AD: So traditional hierarchy and education kill our enthusiasm and stop our progress?

Indeed. From an early age, a child tries things that excite and stimulate them but at some point in life, they notice that it clashes with the expectations of other people -- then they lose their zeal and try to fit in.

AD: Are you saying that when kids are playing, they’re all geniuses?

Precisely. Adults dream of achieving such concentration.

We need a few years of meditation to be able to focus completely for five minutes, while children can fully concentrate on their activity for many hours. We envy them, yet we do anything we can to deprive them of this ability, by pushing them to fit our social and intellectual conventions. 

AD: What could we learn from kids?

Liberty. And the capacity to push our own limits. But also, a comparable creativity and power to look at reality with our own eyes. We wish to find all these qualities -- imagination, inventiveness, joy, enthusiasm and focus -- in adults, so we start teaching our children to make them ready. Unfortunately, by doing this we separate them from the world in which they would acquire and develop all these wonderful skills naturally.

AD: If we have this knowledge, why don’t we use it in schools?

I don't know. But again, the problem doesn’t lie with the method, but with the attitude. Schools are not an exception -- they don’t differ from the rest of the world.

I never criticize educational institutions as such. I also don’t claim that it’s the schools’ fault that creative kids grow into uninventive adults.

AD: Are there any other myths we grew up with that we tend to pass on to our children?

We’ve always been told that children start by being nobody and if they work hard, they might become better versions of themselves.

If you truly believe that children are “zeros” and adults are the upgraded models, then you automatically put every child in an inferior position. That’s cruel and unjustified.

All children have great potential, they can learn anything they want. When we come to this world, we are miniature versions of the adults we might become in the future. Adults, on the other hand, are the shadows of the people they could have become. If you’re aware of that, you can’t  look down on children. Kids are giants of potential.

AD: In that case, why do we persistently patronize them?

It’s so ironic that we do this. And every time it happens, we send a message. In all of us there’s a wounded child who at least once has been told: "You’re not OK. If you want to be liked, you’ll have to change". It stays with us for the rest of our lives and makes us become what other people expect us to be. Basically, when you’re a young person you are able to achieve anything you want, but the world tells you that you’re nobody and it forces you to adjust to the rest.

A child, torn by these two contradictory views, tries to find a way to bring them together. And since they can’t change others’ unfavorable opinions, they end up accepting them as their own.

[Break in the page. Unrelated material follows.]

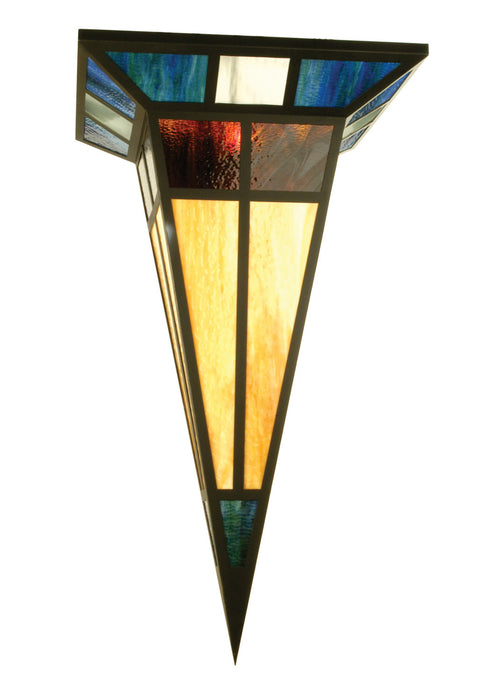 Meyda Tiffany - 78316 - One Light Semi-Flushmount - Polaris - Black/Glass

Such behavior diminishes the source of pain. That’s how kids become what we want them to be -- they try to please us and feel accepted.

AD: That’s bad news.

Perhaps not. We already know it, we only forgot about it. We forgot that when we say: “I love you”, we should add "for what you are”.

AD: Is this the way you talk to your family?

Always. Because these are not just words. This reconciliation with the child inside us is a nostalgic act. Today, we’re told that self-development is a complex and laborious task. It’s not true! All you need to do is change the way you see yourself. Tell yourself: “I love you just the way you are" and see what happens. 

AD: Sounds like a psychological miracle diet.

Maybe, but it works! That’s why I still have the enthusiasm and energy to travel around the world and share it with people.

AD: Is enthusiasm something we can acquire? Or if once lost, can it be regained?

The easiest way would be to learn it all over again. From children.